Key Research Findings & Capabilities

  • Math Reasoning Specialization: The model is specifically optimized for mathematical problem-solving, investigating how such specialization impacts broader LLM performance.
  • Transferability Research: It helps analyze whether math reasoning training improves general LLM capabilities and the trade-offs involved.
  • Training Method Analysis: The research compares the effects of different training methods (like RL vs.
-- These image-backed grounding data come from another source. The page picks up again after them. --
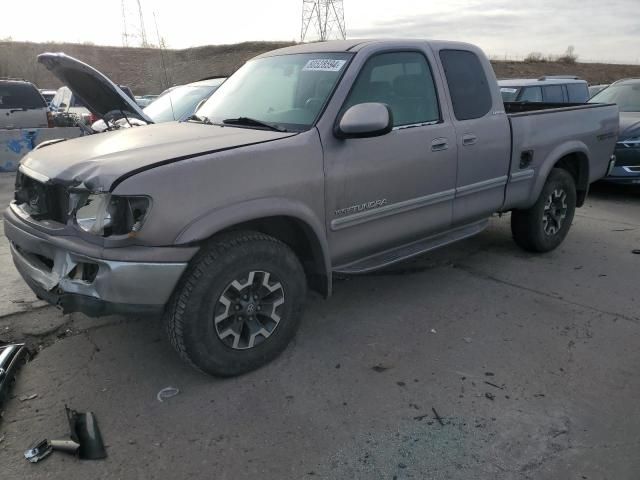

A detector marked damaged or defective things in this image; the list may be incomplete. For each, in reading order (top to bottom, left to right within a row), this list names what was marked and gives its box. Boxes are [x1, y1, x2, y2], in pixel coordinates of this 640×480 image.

damaged front bumper [4, 204, 195, 316]
broken plastic piece [0, 344, 28, 406]
broken plastic piece [157, 386, 180, 402]
broken plastic piece [24, 440, 52, 464]
broken plastic piece [65, 406, 107, 460]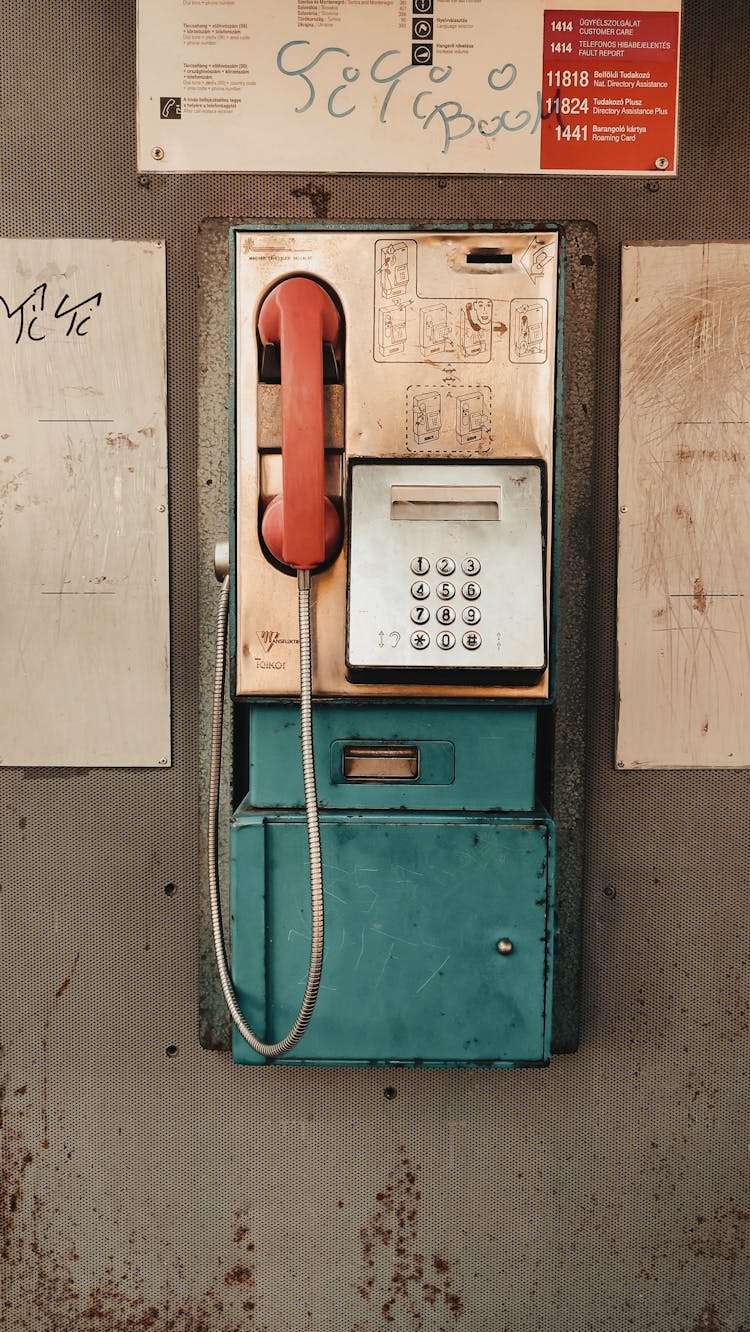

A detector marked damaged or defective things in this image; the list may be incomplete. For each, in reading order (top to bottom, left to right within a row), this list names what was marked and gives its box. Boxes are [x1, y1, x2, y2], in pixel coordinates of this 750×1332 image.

rust stain [692, 575, 708, 610]
rust stain [357, 1145, 463, 1321]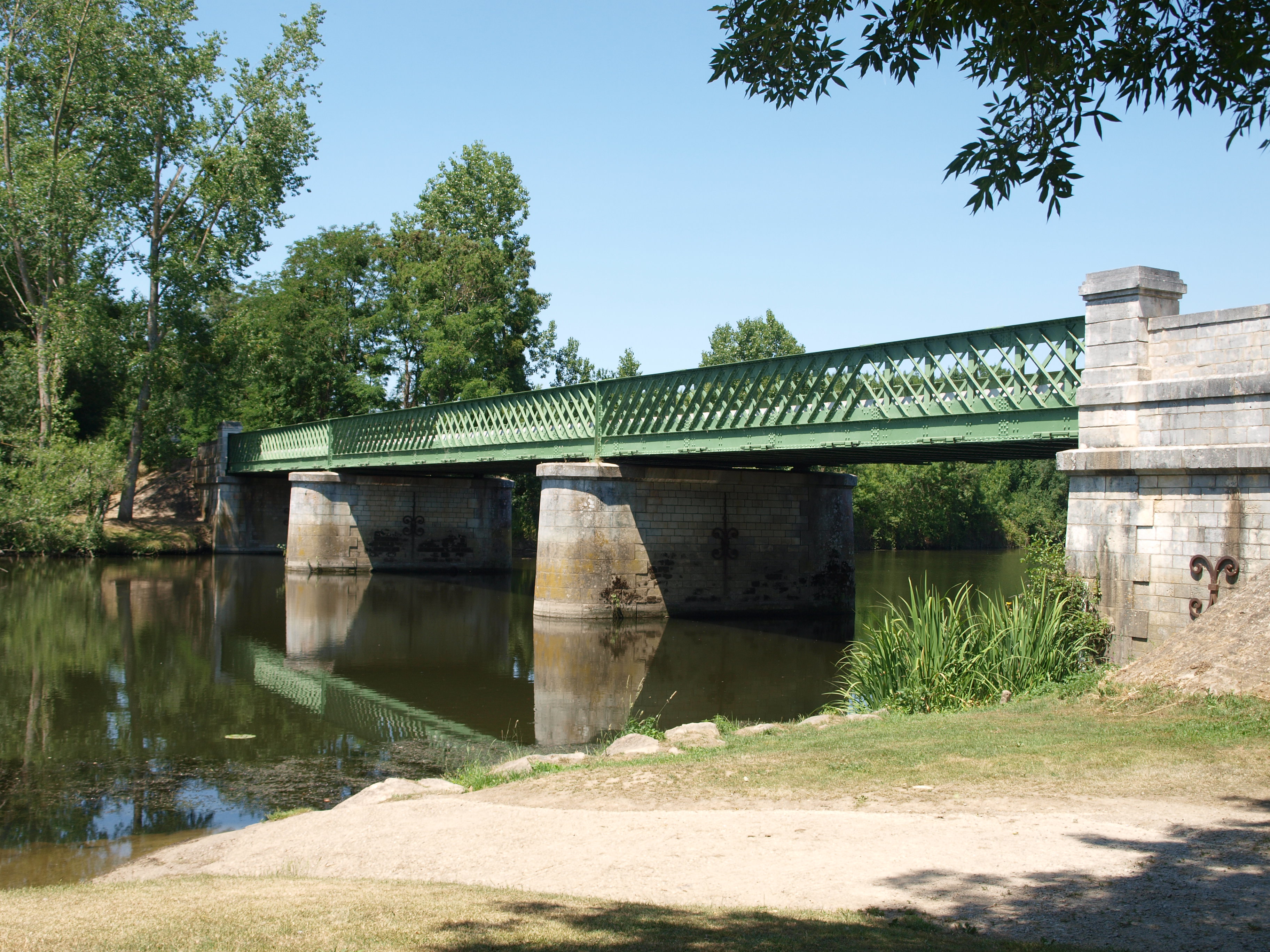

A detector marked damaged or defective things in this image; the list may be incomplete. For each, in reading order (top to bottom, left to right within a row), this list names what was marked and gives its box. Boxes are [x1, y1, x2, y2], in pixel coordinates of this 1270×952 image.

rusty iron wall anchor [1189, 556, 1239, 622]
SFT) on capability transfer, noting that SFT-tuned models may experience "forgetting" of general capabilities during math-focused training.

Limitations and Considerations

  • Specialization Trade-offs: Models optimized for math reasoning may exhibit reduced performance on general tasks.
  • Domain Transfer: The extent to which capabilities transfer from math to other domains is limited.
  • Computational Requirements: Inference with this model requires significant computational resources.

This model is intended for research purposes to understand the complex interplay between specialized training and general LLM capabilities.